FRANKFURT (Reuters) – The European Central Bank kept its policy unchanged as expected on Wednesday, maintaining interest rates at record lows and keeping its guidance for steady interest rates this year despite a sharp slowdown in economic growth.
With the economy and inflation both slowing, the ECB has already backtracked on its plans to tighten policy this year, unveiling instead even more stimulus to prop up an export-focused economy now struggling amid a global slowdown in trade.
But having unveiled fresh measures just last month, the ECB can afford to wait before contemplating any further steps, keeping its last remaining policy powder dry in case the growth downturn becomes more severe than now feared.

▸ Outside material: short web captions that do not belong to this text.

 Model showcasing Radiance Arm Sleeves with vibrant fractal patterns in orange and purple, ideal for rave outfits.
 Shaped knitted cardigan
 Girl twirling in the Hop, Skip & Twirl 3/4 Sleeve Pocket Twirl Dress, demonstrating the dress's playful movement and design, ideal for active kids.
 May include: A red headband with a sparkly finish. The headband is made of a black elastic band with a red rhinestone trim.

“The Governing Council now expects the key ECB interest rates to remain at their present levels at least through the end of 2019, and in any case for as long as necessary,” the ECB said in a statement, reaffirming its interest rate guidance.
While this policy is out of sync with market expectations, which put the first hike in 2021, policymakers have dismissed the significance of the disconnect, arguing that economic conditions would impact the eventual move and market prices simply reflect the changing outlook.
Attention now turns to ECB President Mario Draghi’s 1230 GMT news conference, at which he is likely to say that risks to growth remain on the downside and the bank remains ready to act with all available instruments.
Investors will also look to see if Draghi elaborates on his recent comments that the ECB would study whether negative rates are starting to have unintended side effects.
With Wednesday’s decision, the ECB’s rate on bank overnight deposits, which is currently its primary interest rate tool, remains at -0.40 percent.
The main refinancing rate, which determines the cost of credit in the economy, remained unchanged at 0.00 percent while the rate on the marginal lending facility — the emergency overnight borrowing rate for banks — remains at 0.25 percent.